For accomplishing the fifth research objective, a graphical interface that incorporates the ADWBM and ADWCPM to assist water planners and decision makers in water planning is developed (Chapter 7). Thus, a DSS for sustainable water planning is developed for the Emirate of Abu Dhabi (EAD), UAE and is named as

“Sustainable Water Budgeter for Abu Dhabi” (SuWaB-AD). With the strong movement toward more sustainable water planning and management, more water decision makers have realized the value of comprehensive models and decision support systems. This is a tool that incorporates economic and environmental criteria into the decision-making process and could help decision makers promote sustainability in water planning.

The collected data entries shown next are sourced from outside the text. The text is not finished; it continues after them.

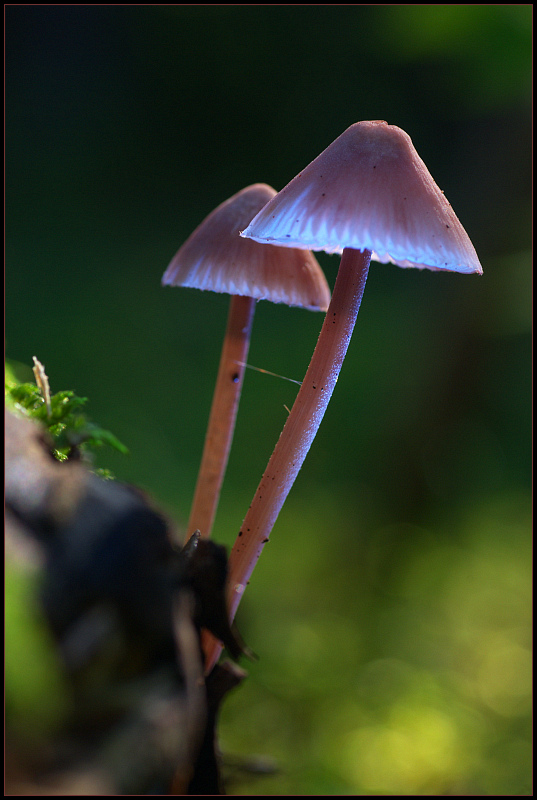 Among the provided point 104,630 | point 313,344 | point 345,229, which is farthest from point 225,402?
point 313,344

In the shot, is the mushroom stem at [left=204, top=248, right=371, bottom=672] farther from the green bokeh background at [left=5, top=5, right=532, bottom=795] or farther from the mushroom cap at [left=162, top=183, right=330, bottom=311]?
the green bokeh background at [left=5, top=5, right=532, bottom=795]

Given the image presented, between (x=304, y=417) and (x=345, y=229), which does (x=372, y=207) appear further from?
(x=304, y=417)

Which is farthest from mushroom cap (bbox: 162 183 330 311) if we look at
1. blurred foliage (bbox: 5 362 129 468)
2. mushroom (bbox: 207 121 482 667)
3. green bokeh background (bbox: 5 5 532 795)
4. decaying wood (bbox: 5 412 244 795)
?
green bokeh background (bbox: 5 5 532 795)

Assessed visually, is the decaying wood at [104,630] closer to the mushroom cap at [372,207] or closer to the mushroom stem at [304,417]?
the mushroom stem at [304,417]

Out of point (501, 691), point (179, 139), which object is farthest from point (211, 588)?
point (179, 139)

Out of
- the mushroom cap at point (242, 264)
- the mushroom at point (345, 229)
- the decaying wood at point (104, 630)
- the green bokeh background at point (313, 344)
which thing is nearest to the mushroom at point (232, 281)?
the mushroom cap at point (242, 264) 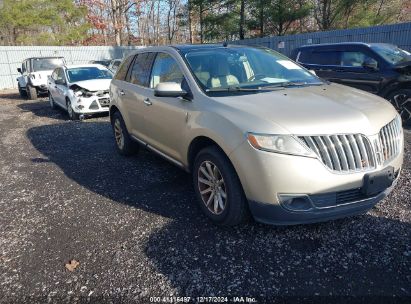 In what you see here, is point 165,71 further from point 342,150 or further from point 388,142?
point 388,142

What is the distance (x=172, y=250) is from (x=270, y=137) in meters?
1.34

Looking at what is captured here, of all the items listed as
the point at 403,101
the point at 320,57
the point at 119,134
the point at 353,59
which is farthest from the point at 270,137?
the point at 320,57

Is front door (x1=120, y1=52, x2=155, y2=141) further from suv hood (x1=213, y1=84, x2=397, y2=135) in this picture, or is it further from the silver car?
suv hood (x1=213, y1=84, x2=397, y2=135)

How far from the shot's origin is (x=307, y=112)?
2869 millimetres

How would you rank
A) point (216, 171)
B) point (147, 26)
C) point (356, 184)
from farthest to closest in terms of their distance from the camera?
point (147, 26) < point (216, 171) < point (356, 184)

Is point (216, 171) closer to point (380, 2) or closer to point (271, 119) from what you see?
point (271, 119)

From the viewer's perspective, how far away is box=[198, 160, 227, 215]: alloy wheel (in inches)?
128

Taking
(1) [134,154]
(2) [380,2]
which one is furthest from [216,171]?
(2) [380,2]

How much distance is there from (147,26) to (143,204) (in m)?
47.4

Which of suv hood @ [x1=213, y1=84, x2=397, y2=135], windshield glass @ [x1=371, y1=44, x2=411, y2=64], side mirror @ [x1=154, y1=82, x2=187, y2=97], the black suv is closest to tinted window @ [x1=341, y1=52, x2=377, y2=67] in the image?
the black suv

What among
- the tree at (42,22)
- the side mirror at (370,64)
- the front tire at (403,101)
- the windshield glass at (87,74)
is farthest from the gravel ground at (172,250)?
the tree at (42,22)

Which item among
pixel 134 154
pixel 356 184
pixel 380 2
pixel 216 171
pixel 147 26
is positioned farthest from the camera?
pixel 147 26

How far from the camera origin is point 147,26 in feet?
155

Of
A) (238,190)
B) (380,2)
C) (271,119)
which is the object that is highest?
(380,2) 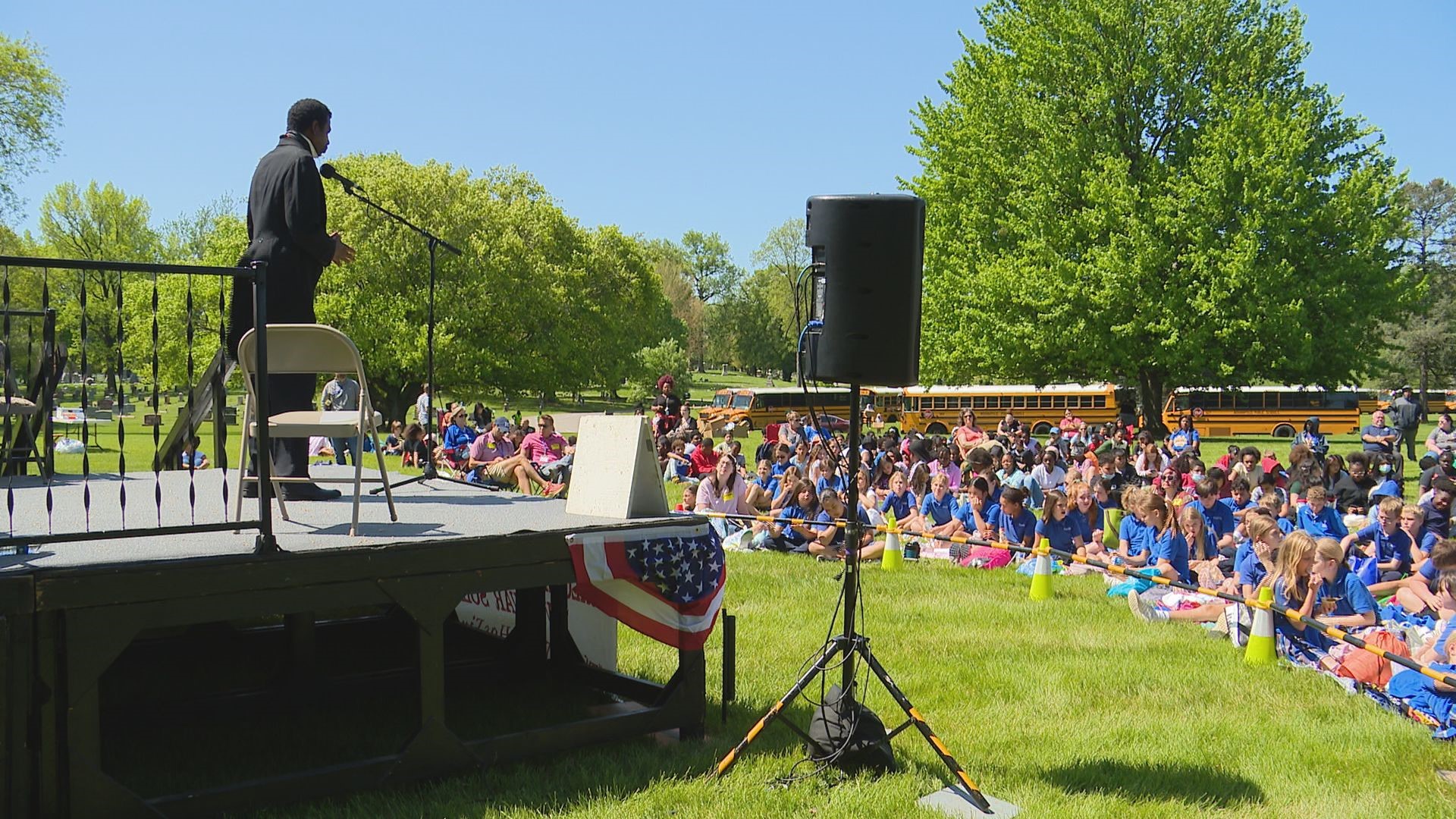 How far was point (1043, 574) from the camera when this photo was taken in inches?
399

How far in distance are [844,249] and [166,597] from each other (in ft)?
9.99

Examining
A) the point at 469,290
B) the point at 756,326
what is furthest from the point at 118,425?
the point at 756,326

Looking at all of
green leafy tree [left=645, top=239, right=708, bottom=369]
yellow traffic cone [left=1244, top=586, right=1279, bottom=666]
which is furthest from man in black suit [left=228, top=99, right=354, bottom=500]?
green leafy tree [left=645, top=239, right=708, bottom=369]

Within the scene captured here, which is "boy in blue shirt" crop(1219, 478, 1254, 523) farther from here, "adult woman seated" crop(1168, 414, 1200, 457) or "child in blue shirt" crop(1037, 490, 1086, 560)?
"adult woman seated" crop(1168, 414, 1200, 457)

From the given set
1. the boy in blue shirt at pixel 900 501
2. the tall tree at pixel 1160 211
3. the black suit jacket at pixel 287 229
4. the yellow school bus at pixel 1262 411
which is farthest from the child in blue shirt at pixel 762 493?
the yellow school bus at pixel 1262 411

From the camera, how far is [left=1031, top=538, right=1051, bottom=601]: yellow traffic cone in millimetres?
10039

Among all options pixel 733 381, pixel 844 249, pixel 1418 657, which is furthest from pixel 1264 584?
pixel 733 381

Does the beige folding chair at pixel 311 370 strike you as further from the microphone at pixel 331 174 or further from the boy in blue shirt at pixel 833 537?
the boy in blue shirt at pixel 833 537

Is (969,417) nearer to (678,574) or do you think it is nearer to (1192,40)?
(1192,40)

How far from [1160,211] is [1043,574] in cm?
2014

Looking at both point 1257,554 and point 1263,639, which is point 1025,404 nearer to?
point 1257,554

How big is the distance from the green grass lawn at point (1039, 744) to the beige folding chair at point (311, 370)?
1.58 meters

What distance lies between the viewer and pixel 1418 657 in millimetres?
7133

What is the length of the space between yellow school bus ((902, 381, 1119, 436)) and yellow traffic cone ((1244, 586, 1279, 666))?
32078mm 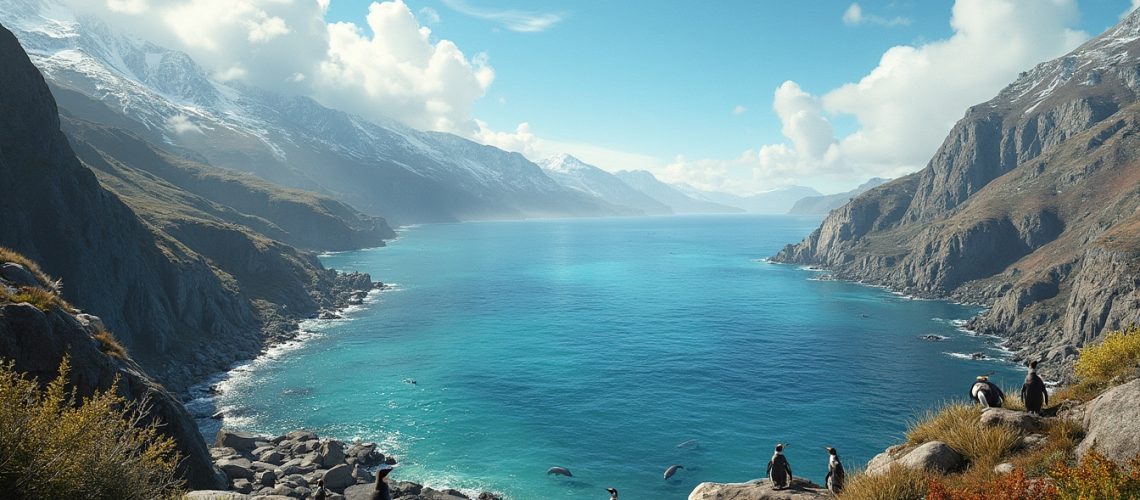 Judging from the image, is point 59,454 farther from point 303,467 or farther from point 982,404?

The final research objective was to demonstrate the use of the developed tool, SuWaB-AD, to: (i) perform scenario-based analysis by building future water scenarios using ADWBM, and (ii) find optimal planning solution for the analyzed scenarios using ADWCPM. SuWaB-AD as an integrated tool for long-term planning of infrastructure (such as water and wastewater treatment plants, and pipeline capacity) was used to simulate a future water scenario for Abu Dhabi and to solve for optimal capacity planning solution. The SuWaB-AD is helpful in sustainable management and planning of natural resources like groundwater. Since it incorporates the cost and environmental aspects into the decision-making process, it can be very useful in promoting sustainability among the decision-makers. Also, the case study showed that SuWaB-AD can be helpful to water decision-makers worldwide. The primary significance of the SuWaB-AD is its usefulness to policy makers in supporting sustainability plans.